Dating a cop jokes
Hathiramani Gujurati Jokes Q: Why did the Gujju think the film Gandhi was about a woman? Q: Why won't the gujju jeweller sell anything to the UP ka bhayiya? Oh Bhagavan Rakesh: Ram I did not study for the test Ram: No problem. Rakesh: okay Teacher: Ram, tell me who is our Prime Minister?
Q: Why was the gujju stacking up 1 cent coins on the day before exams? A: If he was going to become impotent, he wanted to look impotent. A: Because he said Sue kare chhe.' Q: Maro dikro Dubai gayo? Bengali Jokes Q: What do you call a Bengali who takes bribe? " Suddenly there is a binding flash of li ght as the sky parts open and Bholaji is confronted by the voice of God."Bholaji, buy a lottery ticket first.
You mama so fat when she breastfed you ghee came out When my Hindu girlfriend told me she wanted me to give her a facial, I nearly came on the spot Dear Hindus, I didn't fight my way to the top of the food chain to be a vegetarian I didn't believe in reincarnation the last time, either.

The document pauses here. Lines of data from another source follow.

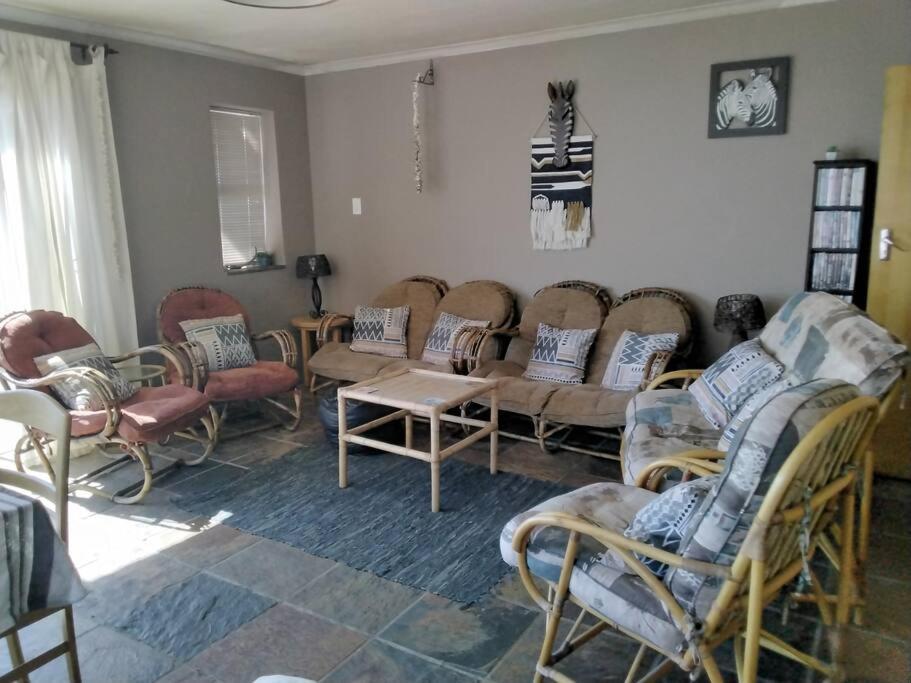 Willa House Mcintosh Elands Bay Zewnętrze zdjęcie
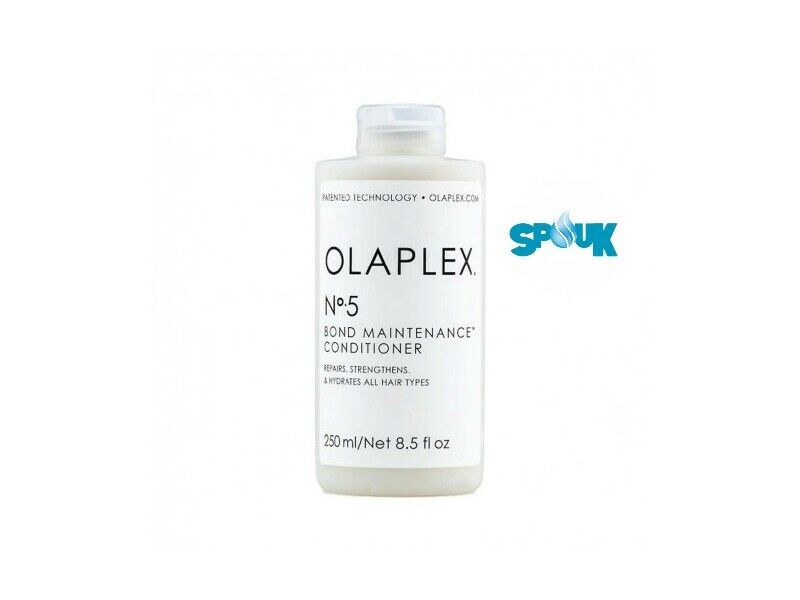 olaplex No 5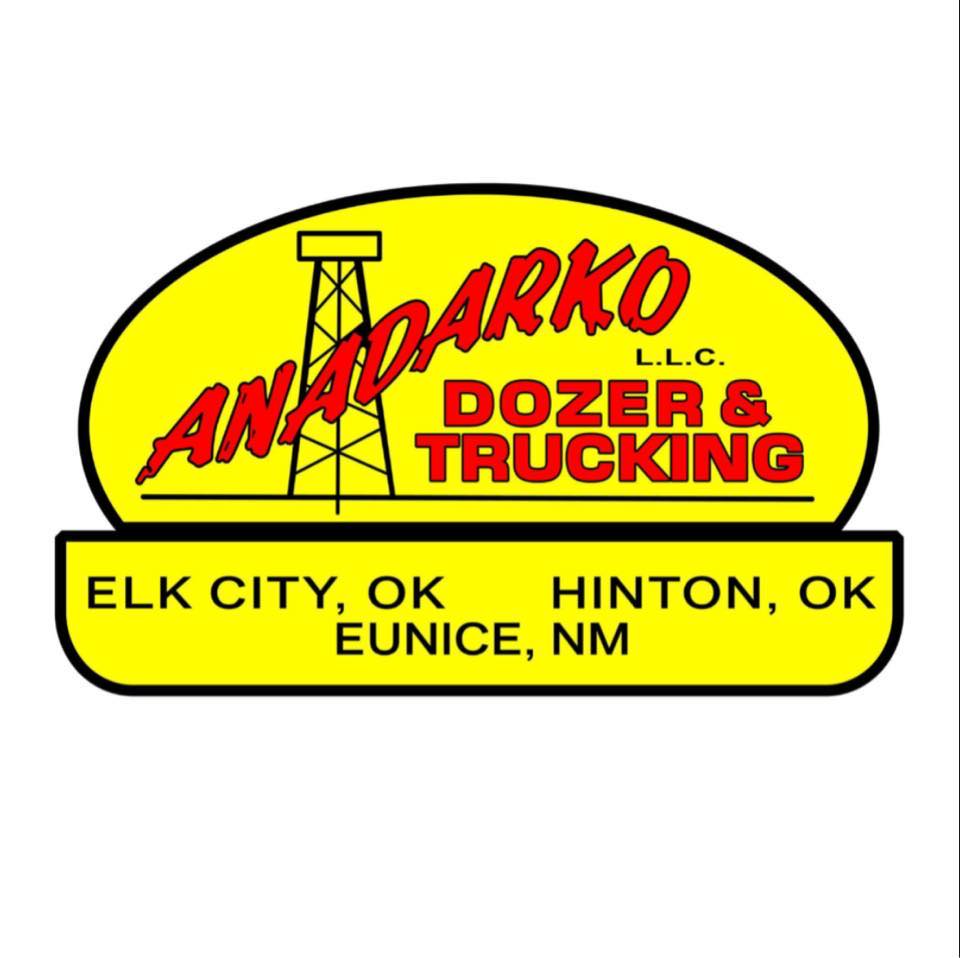 Anadarko Dozer Logo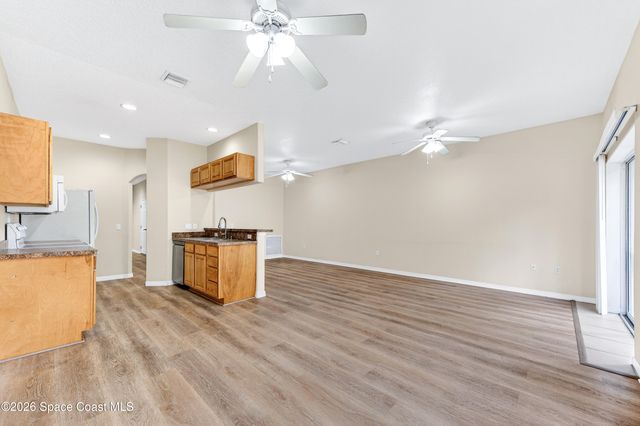 137 Anchorage Avenue 4, Cape Canaveral, FL 32920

A: A Catholic wife has real orgasms and fake jewelry.
A: They read Atten( 8 annas)-bourough in the credits. A: A snake in the grass Q: Why did the Gujju wear a Tuxedo to his vasectomy? Please let me win the lottery." Lotto night comes and somebody else wins it. Why wont you just let me win the lotto this one time so I can get my life in order?
Q: What did the Gujju say to the singing prostitute? Q: Did you know that Gujarati students are going to start a fraternity? Q: Why did the gujjus take 50 paise when they went to watch GANDHI? He's so desperate that he decides to ask Ganesh for help. "Oh Ganesh,please help me, I've lost my business and if I don't get some money, im going to lose my house as well. I've lost my business, my house and I'm going to lose my car as well." Lotto night comes Bholaji still has no luck. I don't often ask you for help and I have always been a good servent to you.
A: Roman Singh Q: What do you call an Indian entertainer?
This Hindu girl from my school said she recognized me from the vegetarian club, but I'd never met herbivore Q. A: Rever Singh Q: What do you call an Indian that's making love?